Kattan, who co-curated the first ever Palestinian cookbook compilation, scrupulously tested and modified the one hundred plus recipes, fine-tuned instructions, and made the text user-friendly. He took pride in working on a great range of recipes, and collaborating with a very culturally rich and diverse community. 

“Many of the contributors are based outside Palestine, and the one thing they all share is this transmission through food which is really about keeping the identity alive”, the Bethlehemite chef said, evidently delighted. “What is enjoyable is to see how these recipes travelled, were changed but retained some very Palestinian character”. He considers himself very lucky to be a Palestinian living in Palestine. 

Omar Sartawi, a Jordanian designer and food artist of Palestinian descent, participated in the book project with much enthusiasm as he welcomed the idea of coming together with so many from all walks of life in their love for food as well as for a meaningful cause. 

As for his contribution, Sartawi picked a watermelon and cheese dish (bateekh w jibneh) and gave it an avant-garde twist. The end result was cooked watermelon rinds with cheese mousse on the top. 

“I wanted to take a basic specialty, which my grandparents used to make at home, and turn it into something a little elevated, playful and exotic”, the conceptual artist explained. 

Sartawi has always been closely connected with Palestinian food and the culture behind it. Until today, some of his most cherished memories about food stem from the days when his mother and grandmother were cooking delectable dishes with simple, high quality products. 

He values the cookbook for its breadth of input from all the various voices featured in it. “It’s an interesting medley of recipes, original and modified, cooking styles and influences representing one of the oldest cuisines in the world. All in one book”, the Jordanian said.

“Craving Palestine” will be out in mid-September.
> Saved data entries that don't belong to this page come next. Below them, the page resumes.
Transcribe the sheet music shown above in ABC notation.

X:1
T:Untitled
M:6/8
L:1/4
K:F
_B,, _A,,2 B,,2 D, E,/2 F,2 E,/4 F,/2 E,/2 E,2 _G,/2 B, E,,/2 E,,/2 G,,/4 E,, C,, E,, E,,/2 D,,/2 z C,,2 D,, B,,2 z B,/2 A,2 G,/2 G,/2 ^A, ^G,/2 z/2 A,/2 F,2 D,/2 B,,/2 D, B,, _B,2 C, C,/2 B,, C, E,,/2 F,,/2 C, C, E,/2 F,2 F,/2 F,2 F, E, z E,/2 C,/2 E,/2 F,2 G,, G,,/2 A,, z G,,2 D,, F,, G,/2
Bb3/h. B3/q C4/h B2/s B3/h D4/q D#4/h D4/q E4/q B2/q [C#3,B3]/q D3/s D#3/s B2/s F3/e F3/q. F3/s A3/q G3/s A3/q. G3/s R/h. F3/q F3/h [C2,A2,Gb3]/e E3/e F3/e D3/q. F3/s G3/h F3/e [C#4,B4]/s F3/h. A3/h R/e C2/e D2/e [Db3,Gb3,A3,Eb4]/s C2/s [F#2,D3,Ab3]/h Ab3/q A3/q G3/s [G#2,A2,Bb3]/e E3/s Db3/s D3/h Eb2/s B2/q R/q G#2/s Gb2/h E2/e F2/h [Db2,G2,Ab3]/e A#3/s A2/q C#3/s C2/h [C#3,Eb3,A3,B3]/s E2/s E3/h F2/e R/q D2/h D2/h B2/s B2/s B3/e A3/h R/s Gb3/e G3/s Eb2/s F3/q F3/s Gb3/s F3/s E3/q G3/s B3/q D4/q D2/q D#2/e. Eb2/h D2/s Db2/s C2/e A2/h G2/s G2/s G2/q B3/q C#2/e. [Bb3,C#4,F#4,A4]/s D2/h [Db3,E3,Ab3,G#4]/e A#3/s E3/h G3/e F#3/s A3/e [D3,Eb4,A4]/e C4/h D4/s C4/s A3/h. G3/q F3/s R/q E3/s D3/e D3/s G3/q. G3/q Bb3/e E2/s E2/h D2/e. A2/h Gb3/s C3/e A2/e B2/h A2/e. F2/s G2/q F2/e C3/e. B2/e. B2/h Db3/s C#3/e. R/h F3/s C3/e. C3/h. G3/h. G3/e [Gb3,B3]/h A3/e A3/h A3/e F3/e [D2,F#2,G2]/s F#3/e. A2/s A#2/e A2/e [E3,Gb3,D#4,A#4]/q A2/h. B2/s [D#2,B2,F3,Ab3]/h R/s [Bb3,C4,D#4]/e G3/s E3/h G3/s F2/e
Full proceeds of book sales will go towards NGO Anera’s education, health and development programmes which will benefit Palestinian communities in Gaza, the West Bank and in refugee camps in Jordan and Lebanon. 

“Despite all that Palestinians have lived and are living through, there’s still a very strong sense of community”, Kattan noted, emphasising that everybody who contributed to the book acted pro bono for a great cause. 

“This collection of recipes and stories will bring Palestine on the shelves of a lot of Palestinians and non-Palestinians.  It will make you feel at home”, the book’s co-curator said.